■ **What is required**: Set down, please, exactly the lines below that run from the line with "OriginalYou Haremshose Sommerhose" to the line with "Used 2021 Toyota", both lines included.

■ **Records to process**:
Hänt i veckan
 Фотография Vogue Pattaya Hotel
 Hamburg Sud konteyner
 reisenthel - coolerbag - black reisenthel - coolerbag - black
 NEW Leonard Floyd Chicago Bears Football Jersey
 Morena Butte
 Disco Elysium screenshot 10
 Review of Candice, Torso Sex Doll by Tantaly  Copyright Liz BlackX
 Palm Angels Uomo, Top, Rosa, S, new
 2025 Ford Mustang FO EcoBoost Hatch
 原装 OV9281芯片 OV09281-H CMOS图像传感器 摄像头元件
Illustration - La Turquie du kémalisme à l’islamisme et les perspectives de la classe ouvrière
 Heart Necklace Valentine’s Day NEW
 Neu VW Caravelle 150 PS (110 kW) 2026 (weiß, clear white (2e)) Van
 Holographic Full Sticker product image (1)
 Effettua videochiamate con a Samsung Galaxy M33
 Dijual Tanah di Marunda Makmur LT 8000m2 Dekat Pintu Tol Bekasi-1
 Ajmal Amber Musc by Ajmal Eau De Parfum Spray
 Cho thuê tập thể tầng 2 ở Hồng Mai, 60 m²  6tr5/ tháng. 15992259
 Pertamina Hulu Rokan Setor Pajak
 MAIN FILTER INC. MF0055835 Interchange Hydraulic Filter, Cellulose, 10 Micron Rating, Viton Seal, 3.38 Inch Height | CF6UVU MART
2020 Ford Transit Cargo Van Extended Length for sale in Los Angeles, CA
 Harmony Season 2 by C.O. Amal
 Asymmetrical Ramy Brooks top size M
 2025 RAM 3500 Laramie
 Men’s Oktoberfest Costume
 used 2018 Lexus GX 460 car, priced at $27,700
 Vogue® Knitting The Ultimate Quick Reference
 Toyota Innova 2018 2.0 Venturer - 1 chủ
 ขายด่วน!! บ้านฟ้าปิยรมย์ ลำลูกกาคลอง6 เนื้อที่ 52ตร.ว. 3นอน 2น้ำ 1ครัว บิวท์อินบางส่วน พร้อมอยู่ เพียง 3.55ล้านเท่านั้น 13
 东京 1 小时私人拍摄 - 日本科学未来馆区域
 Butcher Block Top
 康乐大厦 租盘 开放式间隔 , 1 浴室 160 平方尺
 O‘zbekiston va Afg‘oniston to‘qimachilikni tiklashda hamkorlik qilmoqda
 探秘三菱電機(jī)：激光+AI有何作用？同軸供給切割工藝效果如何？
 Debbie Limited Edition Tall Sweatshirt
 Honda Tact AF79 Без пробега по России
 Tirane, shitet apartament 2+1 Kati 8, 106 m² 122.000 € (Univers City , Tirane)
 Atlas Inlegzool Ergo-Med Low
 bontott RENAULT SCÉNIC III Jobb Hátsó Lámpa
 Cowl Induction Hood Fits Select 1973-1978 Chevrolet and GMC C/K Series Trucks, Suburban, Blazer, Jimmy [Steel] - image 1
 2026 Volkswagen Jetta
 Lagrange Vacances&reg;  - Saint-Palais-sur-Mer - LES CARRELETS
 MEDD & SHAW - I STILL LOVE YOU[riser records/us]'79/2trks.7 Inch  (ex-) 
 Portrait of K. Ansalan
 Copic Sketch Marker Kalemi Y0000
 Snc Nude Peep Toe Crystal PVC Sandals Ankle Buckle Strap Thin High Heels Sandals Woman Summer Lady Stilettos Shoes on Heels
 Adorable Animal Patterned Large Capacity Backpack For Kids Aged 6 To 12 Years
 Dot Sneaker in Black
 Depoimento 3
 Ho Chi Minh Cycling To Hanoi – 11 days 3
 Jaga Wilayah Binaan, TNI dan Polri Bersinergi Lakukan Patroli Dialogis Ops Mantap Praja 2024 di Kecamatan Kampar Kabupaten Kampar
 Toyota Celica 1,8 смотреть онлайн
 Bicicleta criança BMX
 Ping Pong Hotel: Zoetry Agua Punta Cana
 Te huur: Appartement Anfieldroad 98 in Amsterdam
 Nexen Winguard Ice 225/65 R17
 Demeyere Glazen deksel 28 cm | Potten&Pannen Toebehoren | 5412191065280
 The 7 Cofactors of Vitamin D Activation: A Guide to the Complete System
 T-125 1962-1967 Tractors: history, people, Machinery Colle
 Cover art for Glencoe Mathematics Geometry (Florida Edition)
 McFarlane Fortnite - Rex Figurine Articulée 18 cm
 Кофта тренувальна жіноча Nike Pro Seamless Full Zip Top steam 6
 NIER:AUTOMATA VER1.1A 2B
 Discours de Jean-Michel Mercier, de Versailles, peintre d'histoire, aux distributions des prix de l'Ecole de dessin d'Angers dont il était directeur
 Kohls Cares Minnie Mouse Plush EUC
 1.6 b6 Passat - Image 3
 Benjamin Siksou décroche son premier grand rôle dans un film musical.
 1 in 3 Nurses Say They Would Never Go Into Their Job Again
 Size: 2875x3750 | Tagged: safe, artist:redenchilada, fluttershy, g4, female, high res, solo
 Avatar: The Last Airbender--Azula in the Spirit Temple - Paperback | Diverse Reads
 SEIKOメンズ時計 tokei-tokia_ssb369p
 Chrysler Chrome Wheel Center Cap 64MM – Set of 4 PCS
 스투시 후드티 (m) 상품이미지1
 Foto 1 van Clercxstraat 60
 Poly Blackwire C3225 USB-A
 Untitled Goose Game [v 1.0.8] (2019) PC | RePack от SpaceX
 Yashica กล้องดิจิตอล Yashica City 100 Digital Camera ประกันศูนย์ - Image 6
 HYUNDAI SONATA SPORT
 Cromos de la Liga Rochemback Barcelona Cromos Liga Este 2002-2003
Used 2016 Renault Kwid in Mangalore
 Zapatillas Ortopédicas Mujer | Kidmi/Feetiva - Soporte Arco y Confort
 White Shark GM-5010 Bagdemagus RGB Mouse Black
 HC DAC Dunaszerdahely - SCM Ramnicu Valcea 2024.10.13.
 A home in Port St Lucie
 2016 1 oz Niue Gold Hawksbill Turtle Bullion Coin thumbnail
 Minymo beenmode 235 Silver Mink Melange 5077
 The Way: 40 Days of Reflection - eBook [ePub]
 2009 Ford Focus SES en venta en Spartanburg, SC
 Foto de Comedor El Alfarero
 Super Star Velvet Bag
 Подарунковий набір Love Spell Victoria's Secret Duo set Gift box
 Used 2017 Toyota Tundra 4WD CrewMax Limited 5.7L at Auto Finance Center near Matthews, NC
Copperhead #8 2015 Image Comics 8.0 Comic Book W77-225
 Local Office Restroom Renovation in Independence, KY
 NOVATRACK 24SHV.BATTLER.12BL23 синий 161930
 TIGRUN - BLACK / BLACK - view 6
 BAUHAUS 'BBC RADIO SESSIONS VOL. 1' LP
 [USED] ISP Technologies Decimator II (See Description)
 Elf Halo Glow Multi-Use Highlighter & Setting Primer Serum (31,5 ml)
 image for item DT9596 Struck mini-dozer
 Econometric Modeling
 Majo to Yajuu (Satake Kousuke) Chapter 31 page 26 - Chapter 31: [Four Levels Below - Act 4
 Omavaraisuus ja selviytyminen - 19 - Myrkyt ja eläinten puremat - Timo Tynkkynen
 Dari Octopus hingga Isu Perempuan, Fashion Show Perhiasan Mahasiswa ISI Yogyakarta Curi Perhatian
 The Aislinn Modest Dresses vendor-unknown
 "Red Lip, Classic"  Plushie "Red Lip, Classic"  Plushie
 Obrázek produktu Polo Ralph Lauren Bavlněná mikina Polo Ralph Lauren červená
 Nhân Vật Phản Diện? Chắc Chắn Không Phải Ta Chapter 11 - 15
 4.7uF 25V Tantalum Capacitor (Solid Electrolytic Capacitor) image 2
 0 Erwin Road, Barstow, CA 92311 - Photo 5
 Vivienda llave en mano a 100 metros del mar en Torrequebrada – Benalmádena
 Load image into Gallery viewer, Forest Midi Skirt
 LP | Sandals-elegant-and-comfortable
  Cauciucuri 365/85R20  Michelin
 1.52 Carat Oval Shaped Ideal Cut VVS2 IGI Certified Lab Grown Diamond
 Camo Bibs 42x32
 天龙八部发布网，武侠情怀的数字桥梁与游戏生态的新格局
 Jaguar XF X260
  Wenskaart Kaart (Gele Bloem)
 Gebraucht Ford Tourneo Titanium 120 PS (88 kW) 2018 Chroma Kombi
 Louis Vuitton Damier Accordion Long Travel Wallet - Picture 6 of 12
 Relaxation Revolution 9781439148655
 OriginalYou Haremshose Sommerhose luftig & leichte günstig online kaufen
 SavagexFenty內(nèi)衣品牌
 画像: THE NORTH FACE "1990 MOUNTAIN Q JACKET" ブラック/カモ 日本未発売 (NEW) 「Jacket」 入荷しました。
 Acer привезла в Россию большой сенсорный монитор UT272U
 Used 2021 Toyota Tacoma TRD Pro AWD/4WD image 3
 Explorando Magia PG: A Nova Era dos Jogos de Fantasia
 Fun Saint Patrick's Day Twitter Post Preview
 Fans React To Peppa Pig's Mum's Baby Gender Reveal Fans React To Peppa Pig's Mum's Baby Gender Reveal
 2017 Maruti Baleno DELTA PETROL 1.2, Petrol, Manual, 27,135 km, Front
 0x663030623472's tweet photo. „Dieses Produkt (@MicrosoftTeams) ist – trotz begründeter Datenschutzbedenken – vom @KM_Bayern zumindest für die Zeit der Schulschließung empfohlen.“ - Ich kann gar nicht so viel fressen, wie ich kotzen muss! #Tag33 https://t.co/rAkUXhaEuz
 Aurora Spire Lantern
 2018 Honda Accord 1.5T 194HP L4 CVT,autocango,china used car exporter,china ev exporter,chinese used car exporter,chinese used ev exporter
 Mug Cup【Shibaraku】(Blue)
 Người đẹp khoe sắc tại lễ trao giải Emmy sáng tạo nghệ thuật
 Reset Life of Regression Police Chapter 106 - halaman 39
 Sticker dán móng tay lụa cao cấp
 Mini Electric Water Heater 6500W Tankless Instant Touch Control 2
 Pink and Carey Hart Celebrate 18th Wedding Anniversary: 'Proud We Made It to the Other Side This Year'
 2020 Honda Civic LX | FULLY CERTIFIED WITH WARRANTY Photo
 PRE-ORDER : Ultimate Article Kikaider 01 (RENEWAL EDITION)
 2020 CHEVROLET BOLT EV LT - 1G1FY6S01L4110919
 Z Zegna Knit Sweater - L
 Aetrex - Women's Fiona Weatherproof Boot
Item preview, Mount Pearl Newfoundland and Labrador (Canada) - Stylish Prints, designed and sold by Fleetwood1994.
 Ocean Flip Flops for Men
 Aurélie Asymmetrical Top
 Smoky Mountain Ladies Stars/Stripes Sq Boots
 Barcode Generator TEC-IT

■ **Exercise output**:
 OriginalYou Haremshose Sommerhose luftig & leichte günstig online kaufen
 SavagexFenty內(nèi)衣品牌
 画像: THE NORTH FACE "1990 MOUNTAIN Q JACKET" ブラック/カモ 日本未発売 (NEW) 「Jacket」 入荷しました。
 Acer привезла в Россию большой сенсорный монитор UT272U
 Used 2021 Toyota Tacoma TRD Pro AWD/4WD image 3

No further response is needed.